> INFORMATION PROVIDED:

- - - - -

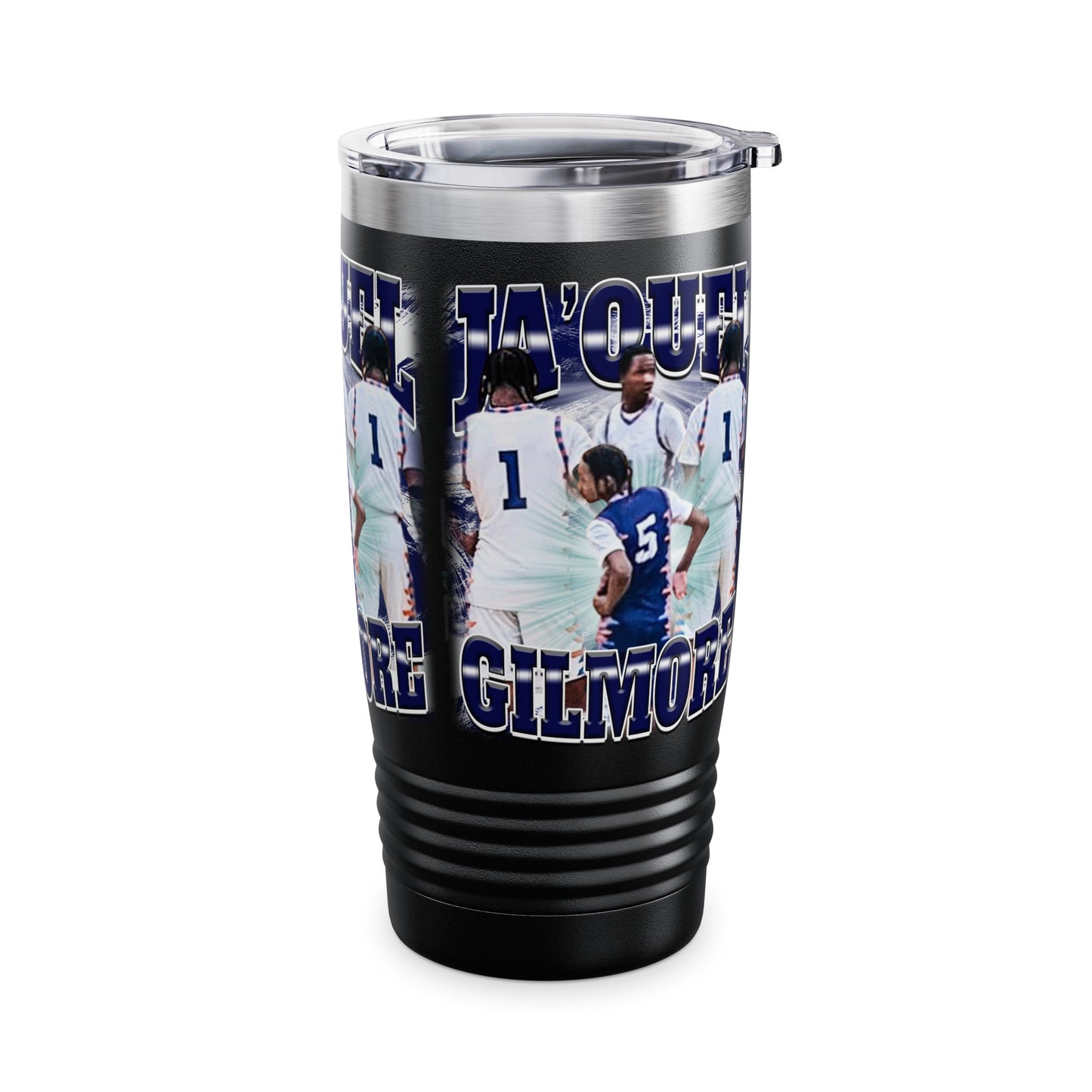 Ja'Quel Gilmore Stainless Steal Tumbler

- - - - -

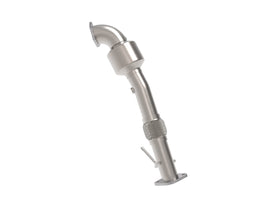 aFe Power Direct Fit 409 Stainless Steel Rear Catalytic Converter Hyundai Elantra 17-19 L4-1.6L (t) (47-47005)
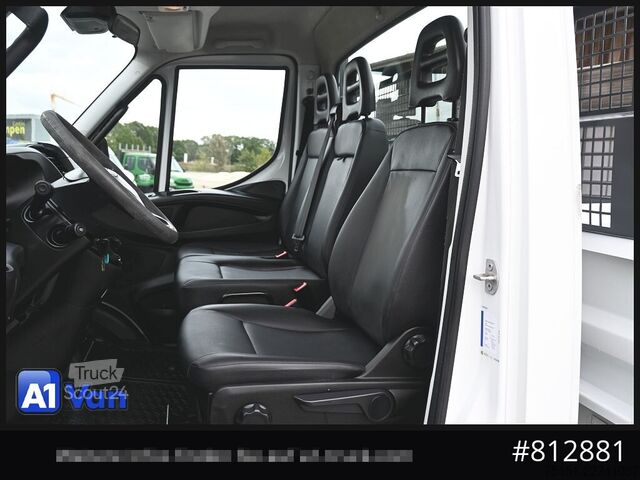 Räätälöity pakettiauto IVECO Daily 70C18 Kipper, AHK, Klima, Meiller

- - - - -

> ASSIGNMENT: Would you output the lines above from the line holding "aFe Power Direct" up to and including the line holding "Räätälöity pakettiauto IVECO", exactly and only those, with no pictures?

> RESULT:
 aFe Power Direct Fit 409 Stainless Steel Rear Catalytic Converter Hyundai Elantra 17-19 L4-1.6L (t) (47-47005)
 Räätälöity pakettiauto IVECO Daily 70C18 Kipper, AHK, Klima, Meiller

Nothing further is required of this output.